You have so much you want to teach, how do you structure it so that your training course is both interesting and challenging? How much theory can you squeeze into an hour before your attendees have forgotten where you started? How do you structure your course to account for classes which move slower or faster than average? This talk will cover all of these answers and more.
Business
Jacinta Richardson

* The $2 computer: ultraconstrained devices do your bidding

"Do you watch television? Is your furnace loud? Do you have $2?" My 7-year-old's marketing suggestions aside, building custom gadgets to improve your life is remarkably simple, and I'll prove it by building something on stage that you can duplicate at home.
Hacks
David Hollingsworth

* The Fine Line Between Creepy and Fun

Social software is kind of a big deal right now. In the open-source spirit of transparency and dissection, let's talk about what makes social technology creepy, what makes it fun, and how to hack things to maximize your desired outcome.
Hacks
Audrey Eschright

* The Open Geo Stack

Location and mapping are making a huge impact on the web and mobile. Open Source is right there. Learn the elements of the geo stack, from mapping APIs to geo databases.
Cooking
Adam DuVander

* The Return of Command-Line Kung Fu

A follow-on to last year's highly popular presentation, Hal Pomeranz returns with another super-size helping of command-line madness!
Cooking
Hal Pomeranz

* The Story of Spaz: How to Give Away Everything, Make No Money, and Still Win

What motivates us as developers? How do we define success? Throughout the development of Spaz, we've learned a lot about what works, what doesn't, and what really matters.
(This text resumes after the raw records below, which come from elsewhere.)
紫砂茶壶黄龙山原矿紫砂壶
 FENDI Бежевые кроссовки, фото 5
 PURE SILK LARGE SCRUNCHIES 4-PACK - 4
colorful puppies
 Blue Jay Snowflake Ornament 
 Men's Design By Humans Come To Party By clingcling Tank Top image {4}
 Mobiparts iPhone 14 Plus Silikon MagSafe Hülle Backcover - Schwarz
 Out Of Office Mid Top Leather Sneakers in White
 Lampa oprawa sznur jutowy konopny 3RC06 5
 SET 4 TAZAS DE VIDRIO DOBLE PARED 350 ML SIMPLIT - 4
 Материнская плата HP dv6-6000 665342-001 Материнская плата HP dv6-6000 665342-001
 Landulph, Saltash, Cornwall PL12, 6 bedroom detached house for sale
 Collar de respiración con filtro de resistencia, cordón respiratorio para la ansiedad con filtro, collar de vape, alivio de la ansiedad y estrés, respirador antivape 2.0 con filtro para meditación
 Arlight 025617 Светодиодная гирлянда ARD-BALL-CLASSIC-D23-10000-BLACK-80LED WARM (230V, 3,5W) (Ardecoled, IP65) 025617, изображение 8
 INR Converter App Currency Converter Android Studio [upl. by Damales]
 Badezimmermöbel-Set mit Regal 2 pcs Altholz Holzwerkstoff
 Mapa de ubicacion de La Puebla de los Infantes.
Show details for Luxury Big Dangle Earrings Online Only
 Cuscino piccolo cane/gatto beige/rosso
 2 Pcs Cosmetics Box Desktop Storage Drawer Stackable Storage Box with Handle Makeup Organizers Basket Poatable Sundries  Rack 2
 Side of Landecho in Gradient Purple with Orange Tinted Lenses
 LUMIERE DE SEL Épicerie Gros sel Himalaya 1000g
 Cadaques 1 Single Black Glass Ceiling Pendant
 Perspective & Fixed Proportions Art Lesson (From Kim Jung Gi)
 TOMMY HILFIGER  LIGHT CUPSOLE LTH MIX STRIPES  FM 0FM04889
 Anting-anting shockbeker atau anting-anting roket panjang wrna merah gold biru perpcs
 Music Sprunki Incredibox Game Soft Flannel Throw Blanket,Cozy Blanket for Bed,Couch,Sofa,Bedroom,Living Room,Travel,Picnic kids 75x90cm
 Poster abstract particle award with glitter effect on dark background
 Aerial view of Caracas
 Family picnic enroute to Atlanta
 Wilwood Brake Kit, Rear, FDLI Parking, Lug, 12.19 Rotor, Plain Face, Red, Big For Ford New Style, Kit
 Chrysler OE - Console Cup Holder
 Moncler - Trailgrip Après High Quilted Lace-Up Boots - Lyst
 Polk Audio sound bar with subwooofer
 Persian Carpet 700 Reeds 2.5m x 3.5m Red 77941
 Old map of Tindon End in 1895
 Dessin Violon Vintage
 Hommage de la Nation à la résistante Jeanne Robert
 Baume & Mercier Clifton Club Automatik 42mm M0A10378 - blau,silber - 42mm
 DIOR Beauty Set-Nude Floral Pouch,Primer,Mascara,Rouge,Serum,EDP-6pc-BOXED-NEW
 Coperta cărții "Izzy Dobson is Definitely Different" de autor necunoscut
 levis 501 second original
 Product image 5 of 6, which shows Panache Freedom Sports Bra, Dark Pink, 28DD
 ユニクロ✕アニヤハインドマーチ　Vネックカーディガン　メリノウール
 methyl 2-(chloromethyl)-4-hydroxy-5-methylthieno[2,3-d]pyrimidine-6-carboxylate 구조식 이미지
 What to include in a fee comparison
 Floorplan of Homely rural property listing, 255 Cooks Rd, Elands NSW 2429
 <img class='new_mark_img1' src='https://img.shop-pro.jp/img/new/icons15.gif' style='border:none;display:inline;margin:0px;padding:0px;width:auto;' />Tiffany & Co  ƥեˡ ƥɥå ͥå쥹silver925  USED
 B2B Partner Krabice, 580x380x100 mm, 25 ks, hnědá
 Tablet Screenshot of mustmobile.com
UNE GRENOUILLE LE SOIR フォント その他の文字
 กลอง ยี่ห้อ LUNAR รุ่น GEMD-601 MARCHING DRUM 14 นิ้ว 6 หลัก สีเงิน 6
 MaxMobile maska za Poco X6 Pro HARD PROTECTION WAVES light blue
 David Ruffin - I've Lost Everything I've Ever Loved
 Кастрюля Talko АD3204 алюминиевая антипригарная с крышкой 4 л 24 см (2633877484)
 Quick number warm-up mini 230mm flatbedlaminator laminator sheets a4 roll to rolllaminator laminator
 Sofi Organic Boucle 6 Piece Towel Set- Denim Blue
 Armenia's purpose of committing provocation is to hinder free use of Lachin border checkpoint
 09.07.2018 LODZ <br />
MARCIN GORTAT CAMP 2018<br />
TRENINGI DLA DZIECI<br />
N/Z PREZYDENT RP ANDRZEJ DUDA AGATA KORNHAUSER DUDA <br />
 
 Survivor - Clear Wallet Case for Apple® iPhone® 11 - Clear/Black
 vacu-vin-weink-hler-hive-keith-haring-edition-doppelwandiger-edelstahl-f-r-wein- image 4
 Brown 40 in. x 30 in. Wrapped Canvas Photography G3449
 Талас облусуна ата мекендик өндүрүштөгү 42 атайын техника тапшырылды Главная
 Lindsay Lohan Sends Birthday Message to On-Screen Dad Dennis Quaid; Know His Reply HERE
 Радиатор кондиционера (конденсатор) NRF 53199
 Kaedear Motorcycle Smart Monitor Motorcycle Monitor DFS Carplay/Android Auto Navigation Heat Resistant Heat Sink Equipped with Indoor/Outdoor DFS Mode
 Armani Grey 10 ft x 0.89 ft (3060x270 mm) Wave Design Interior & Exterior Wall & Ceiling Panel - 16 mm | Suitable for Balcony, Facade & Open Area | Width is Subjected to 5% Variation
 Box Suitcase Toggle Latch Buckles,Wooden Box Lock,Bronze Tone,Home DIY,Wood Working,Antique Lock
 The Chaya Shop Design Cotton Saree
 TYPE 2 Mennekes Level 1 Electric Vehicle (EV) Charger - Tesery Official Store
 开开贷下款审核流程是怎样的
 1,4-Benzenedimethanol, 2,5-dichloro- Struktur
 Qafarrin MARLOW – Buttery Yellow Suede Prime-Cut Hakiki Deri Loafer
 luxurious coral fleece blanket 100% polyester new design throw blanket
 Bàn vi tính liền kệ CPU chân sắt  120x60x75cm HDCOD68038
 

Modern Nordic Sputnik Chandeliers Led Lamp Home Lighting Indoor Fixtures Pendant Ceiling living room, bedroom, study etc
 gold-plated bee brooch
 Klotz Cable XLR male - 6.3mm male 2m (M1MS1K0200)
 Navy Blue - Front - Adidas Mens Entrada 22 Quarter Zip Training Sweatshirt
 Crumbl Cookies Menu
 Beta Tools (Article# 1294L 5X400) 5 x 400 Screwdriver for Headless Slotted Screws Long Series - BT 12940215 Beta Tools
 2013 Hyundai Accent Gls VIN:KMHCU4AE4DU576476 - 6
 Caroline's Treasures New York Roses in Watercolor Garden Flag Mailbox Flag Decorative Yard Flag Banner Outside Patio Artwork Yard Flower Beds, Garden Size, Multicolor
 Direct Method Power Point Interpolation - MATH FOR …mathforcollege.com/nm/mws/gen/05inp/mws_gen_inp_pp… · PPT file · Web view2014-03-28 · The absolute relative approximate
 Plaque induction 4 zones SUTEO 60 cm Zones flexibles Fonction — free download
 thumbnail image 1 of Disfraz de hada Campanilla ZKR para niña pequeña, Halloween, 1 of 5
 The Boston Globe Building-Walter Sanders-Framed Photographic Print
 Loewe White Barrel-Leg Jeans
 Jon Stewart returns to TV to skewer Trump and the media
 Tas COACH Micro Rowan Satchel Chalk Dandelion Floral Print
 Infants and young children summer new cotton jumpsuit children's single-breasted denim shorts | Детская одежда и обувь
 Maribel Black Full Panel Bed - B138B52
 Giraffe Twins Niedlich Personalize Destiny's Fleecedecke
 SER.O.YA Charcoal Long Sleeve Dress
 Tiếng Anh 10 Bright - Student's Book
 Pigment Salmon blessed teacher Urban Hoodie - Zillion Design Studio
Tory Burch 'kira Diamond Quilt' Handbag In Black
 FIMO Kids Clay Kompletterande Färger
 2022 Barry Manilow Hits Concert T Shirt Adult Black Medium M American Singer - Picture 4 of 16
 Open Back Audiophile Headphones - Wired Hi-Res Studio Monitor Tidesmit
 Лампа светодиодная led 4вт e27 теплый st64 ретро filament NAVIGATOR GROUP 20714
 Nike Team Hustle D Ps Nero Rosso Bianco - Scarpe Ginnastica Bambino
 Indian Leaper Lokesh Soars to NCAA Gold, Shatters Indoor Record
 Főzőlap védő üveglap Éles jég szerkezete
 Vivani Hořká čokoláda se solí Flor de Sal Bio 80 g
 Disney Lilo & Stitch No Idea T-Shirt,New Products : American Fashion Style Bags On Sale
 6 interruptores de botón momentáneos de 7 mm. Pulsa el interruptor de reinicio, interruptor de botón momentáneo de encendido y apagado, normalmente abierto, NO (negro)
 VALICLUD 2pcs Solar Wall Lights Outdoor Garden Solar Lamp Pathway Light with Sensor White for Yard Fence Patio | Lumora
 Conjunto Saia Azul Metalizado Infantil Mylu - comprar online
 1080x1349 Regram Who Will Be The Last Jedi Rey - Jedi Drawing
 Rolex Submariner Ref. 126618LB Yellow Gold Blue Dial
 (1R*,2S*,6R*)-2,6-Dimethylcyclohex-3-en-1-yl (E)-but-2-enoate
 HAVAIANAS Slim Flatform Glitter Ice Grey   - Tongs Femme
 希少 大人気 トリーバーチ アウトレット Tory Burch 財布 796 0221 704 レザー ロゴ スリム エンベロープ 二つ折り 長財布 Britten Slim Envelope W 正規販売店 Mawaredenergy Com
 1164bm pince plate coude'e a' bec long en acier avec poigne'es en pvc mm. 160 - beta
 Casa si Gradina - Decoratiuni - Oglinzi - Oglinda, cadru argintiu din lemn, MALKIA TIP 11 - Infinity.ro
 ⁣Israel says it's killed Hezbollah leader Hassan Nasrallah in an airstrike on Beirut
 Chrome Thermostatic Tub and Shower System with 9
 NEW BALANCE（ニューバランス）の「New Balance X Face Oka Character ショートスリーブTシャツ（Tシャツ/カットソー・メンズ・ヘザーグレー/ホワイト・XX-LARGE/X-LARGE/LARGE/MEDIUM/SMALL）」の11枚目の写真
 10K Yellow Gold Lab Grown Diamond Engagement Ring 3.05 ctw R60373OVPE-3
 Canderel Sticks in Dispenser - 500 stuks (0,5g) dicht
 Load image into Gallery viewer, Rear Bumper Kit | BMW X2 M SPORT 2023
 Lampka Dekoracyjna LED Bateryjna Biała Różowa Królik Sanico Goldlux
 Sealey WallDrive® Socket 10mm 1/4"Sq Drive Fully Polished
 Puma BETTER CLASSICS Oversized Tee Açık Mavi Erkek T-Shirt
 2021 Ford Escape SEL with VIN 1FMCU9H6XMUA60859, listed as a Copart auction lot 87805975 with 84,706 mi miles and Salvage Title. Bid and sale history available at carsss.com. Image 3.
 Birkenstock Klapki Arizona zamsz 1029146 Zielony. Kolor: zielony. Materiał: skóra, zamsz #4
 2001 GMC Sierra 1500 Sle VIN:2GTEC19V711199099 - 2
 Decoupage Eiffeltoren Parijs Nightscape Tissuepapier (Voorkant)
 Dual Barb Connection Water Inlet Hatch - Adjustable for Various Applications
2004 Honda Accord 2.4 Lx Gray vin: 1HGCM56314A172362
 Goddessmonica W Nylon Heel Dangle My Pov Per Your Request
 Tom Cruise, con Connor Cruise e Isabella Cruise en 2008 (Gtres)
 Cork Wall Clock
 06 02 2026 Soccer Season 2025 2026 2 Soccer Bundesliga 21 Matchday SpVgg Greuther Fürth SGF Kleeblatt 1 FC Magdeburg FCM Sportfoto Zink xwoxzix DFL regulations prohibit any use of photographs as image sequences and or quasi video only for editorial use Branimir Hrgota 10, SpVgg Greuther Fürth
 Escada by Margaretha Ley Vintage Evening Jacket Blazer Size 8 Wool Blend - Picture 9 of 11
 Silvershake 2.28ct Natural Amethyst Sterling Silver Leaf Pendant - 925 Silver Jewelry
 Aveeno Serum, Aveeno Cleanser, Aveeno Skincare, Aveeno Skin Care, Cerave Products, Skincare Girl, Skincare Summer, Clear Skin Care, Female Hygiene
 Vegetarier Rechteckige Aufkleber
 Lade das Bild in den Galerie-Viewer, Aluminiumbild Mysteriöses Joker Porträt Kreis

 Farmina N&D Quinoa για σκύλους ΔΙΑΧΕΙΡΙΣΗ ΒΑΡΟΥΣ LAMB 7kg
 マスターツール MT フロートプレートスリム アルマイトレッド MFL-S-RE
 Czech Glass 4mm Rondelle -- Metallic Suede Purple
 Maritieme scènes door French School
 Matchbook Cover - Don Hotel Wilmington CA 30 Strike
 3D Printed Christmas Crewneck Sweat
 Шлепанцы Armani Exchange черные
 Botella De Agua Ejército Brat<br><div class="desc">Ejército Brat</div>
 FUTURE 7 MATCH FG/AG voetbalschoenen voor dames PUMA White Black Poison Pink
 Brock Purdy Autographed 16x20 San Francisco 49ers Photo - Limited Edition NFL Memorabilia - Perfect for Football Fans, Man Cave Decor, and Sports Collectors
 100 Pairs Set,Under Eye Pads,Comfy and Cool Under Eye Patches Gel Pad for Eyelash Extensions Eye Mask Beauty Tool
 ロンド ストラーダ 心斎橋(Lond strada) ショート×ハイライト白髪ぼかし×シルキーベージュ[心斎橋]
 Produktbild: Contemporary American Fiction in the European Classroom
Come to hear the story, and participate in the discussion of how we define success in open source.
Business
Edward Finkler

* X Marks the Spot: Applying OpenStreetMap to the High Seas

The United States has a treasure trove of nautical charts in digital form, including plots of shipwrecks, navigation buoys, coastal and river depths, and other fine booty. OpenStreetMap is an open source, open format collaborative project for building a free map of the world. Join this session to find out more of the marine secrets of the National Oceanographic and Atmospheric Administration (NOAA), OpenSeaMap's plans to extend OSM to the high seas, and splicing the two (and your mainbrace) together. We'll use the Geospatial Data Abstraction Library (GDAL), OGR, Python, and the OSM API.
Hacks
Liz Henry, Danny O'Brien

* XHP for PHP

XHP is a PHP extension which augments the syntax of the language such that XML document fragments become valid PHP expressions. It fits somewhere between a templating language and a programmatic UI library. XHP allows you to use PHP as a stricter templating engine and offers a very straightforward way of implementing reusable, extensible components.
Cooking
Bob Baldwin

* You Shall Not Pass: Managing Expectations and Boundaries with Clients

Open Source is great fun, even in the area of professional services. But sometimes, you want to be able to pay the bills with your awesomeness too. One of the areas of difficulty is setting boundaries with clients, even though you really just want to write amazing stuff.
Business
Amye Scavarda, Chris Strahl

* Your Internets are Leaking

Using your computer on a public network is like having a conversation on a city bus: people you don't know can hear everything you say. They'll probably be polite and ignore you, but you still might not want to shout out your credit card number. Yet this is what your computer does. All the time. And you don't know it.